Las habilidades necesarias para llegar a ser un gran poeta, un atleta profesional, un experto catador de vinos, un científico o un bailarín de ballet son tan difíciles de desarrollar que casi nadie tiene la suficiente energía psíquica para desarrollar más de una. Sin embargo, cualquiera puede llegar a ser un diletante en muchas áreas, desarrollando las habilidades suficientes para encontrar deleite en muchas de las cosas que el cuerpo y la mente pueden hacer.
Conclusión
En un lapso de doce años, desde la primera aparición de artículos en revistas académicas sobre el flujo, este concepto ha resultado muy útil a psicólogos, sociólogos, antropólogos, evolucionistas y religiosos. Pero su alcance ha rebasado el ámbito de las discusiones académicas y ha encontrado un sinnúmero de aplicaciones prácticas; instituciones educativas, organizaciones empresariales, diseñadores de productos para el ocio y el disfrute, psicoterapeutas clínicos y muchos otros, han encontrado en la noción de “flujo” una alternativa inestimable para mejorar la calidad de vida de las personas.
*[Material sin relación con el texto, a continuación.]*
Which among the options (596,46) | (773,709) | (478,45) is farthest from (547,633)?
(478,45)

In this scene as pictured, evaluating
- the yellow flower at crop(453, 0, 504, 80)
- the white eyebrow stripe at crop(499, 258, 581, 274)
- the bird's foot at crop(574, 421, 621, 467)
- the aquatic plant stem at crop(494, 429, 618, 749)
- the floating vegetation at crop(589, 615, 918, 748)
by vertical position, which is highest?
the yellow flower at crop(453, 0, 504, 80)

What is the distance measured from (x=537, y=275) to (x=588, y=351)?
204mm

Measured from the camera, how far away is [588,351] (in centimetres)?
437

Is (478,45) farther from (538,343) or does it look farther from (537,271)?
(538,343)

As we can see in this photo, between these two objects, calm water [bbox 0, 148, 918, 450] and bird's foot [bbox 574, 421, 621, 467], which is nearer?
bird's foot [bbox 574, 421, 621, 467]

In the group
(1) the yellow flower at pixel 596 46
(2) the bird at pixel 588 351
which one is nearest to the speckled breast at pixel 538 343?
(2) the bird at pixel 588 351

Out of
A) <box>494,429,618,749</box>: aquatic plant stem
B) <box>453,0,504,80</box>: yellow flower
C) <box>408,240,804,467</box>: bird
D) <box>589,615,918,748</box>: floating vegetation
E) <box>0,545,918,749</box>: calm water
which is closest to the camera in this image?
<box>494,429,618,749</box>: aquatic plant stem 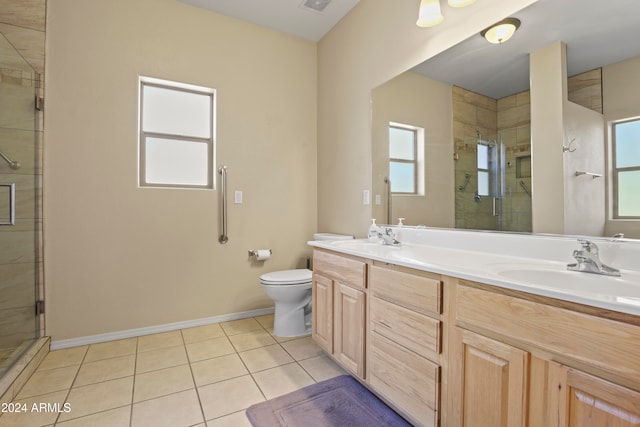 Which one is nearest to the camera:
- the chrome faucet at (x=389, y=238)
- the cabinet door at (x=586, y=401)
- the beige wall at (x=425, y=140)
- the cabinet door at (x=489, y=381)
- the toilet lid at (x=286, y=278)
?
the cabinet door at (x=586, y=401)

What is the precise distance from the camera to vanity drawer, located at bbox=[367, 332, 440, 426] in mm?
1208

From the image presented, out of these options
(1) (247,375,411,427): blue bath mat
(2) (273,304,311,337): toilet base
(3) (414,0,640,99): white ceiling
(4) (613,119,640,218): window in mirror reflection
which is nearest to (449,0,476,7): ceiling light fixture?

Por la gran influencia que ejercen sobre nosotros y por los largos periodos que dedicamos a ellas, las dos dimensiones de la vida humana que mayor impacto tienen en la calidad de vida son el trabajo y las relaciones con otras personas. En ambos casos, una conciencia bien estructurada, capaz de enfocar la atención en actividades intrínsecamente gratificantes, podrá sacar el máximo provecho de las situaciones, derivando de ellas diferentes fuentes de disfrute.
Hay dos caminos para aumentar las experiencias óptimas en la vida. El primero consiste en cambiar las fuerzas externas y buscar escenarios más propicios para el disfrute. No se puede ignorar, por ejemplo, que algunas culturas de cazadores nómadas se hundieron en el más profundo desasosiego cuando las circunstancias les obligaron a asentarse en un lugar y desarrollar la agricultura. Y de la misma forma en que para ellos la caza resultaba mucho más divertida que la agricultura, está claro que la gente disfruta más con un trabajo activo y creativo que con las tareas puramente mecánicas de la era industrial.
Sin embargo, las circunstancias externas no garantizan el disfrute personal. Al fin y al cabo, antes que ser una dimensión más de la vida, la experiencia subjetiva constituye la vida misma. El disfrute depende, pues, de la capacidad de cada uno para sentirlo. El segundo camino, y en gran medida el verdadero, implica forjarse una personalidad autotélica, aprendiendo a controlar la conciencia, a reconocer oportunidades para la acción, a mejorar las habilidades y a fijarse metas alcanzables. Quienes lo logran, tienen todo el potencial para vivir una vida llena de riqueza, intensidad y significado.